Moshe Sharon, born in Haifa in 1937, educated at the Hebrew University and the University of London, has conducted research in Oxford, Paris and Dublin. He joined the faculty of the Hebrew University of Jerusalem in 1965 and received his PhD in Islamic history from that institution in 1971. He has taught Islamic history and civilization with special emphasis on the Shi‘a.
He is a specialist in Arabic epigraphy and has recorded all the Arabic inscriptions in the Holy land. Since 1997 he has published five volumes of his opus, still in progress, Corpus Inscriptionum Arabicarum Palaestinae (Publisher: Brill, Leiden 1997-2008).
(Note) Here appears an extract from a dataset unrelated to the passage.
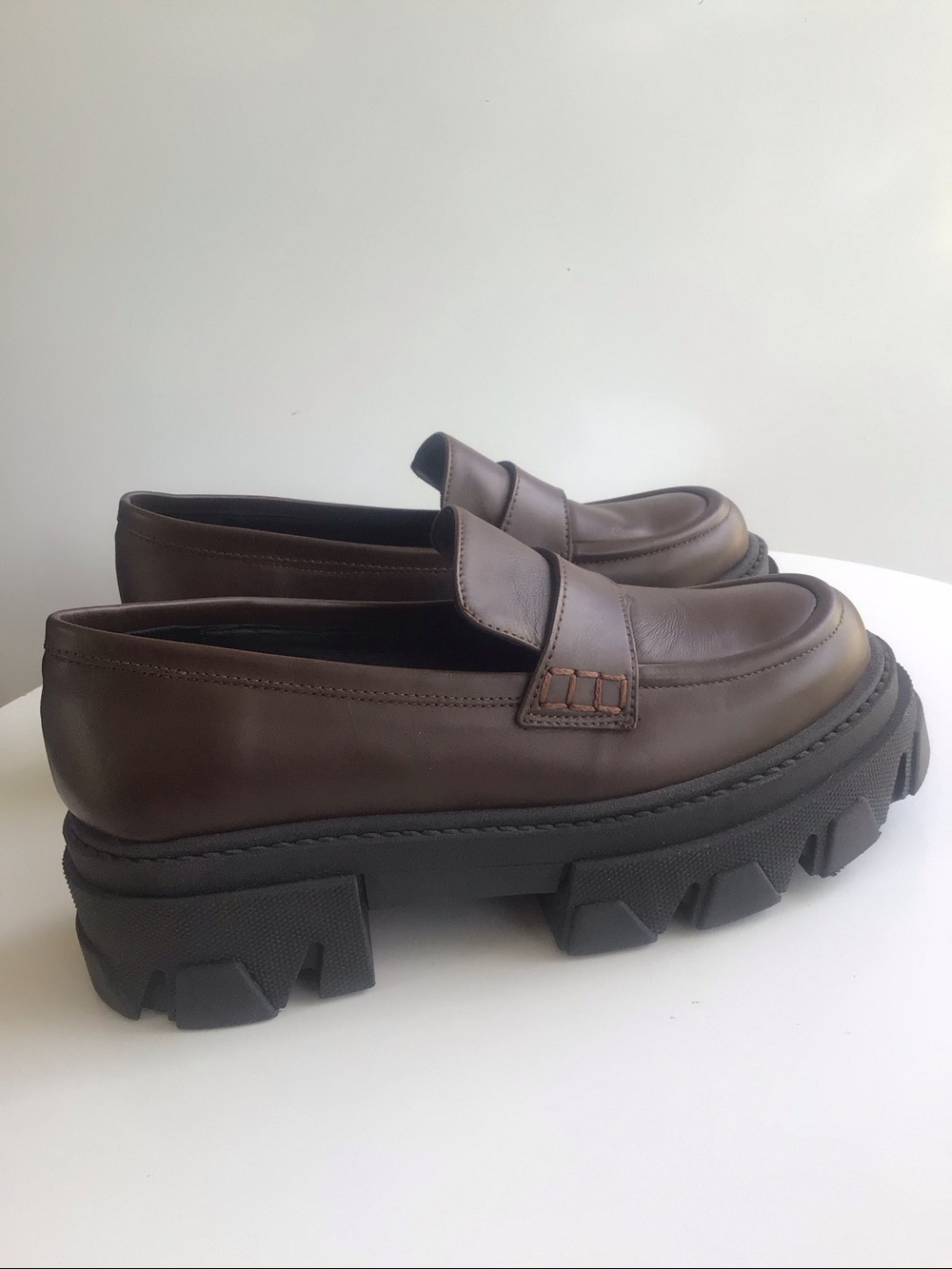 Alohas trailblazer brown chunky loafers size 38 7.5 - Picture 4 of 16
In 1999 professor Sharon was appointed to the chair of Baha’í Studies and is now Professor Emeritus of Islamic and Middle Eastern Studies at the Hebrew University of Jerusalem. In 2005 he published the first translation into Hebrew of al-Kitab al Aqdas, the holy book of the Babí-Baha’í faiths, and included a study of the history and theology of the group.
Professor Sharon served as Prime Minister Menachem Begin’s adviser on Arab Affairs and took part in the negotiations for peace with Egypt.
He and his wife, Judy, have six children and twenty two grandchildren.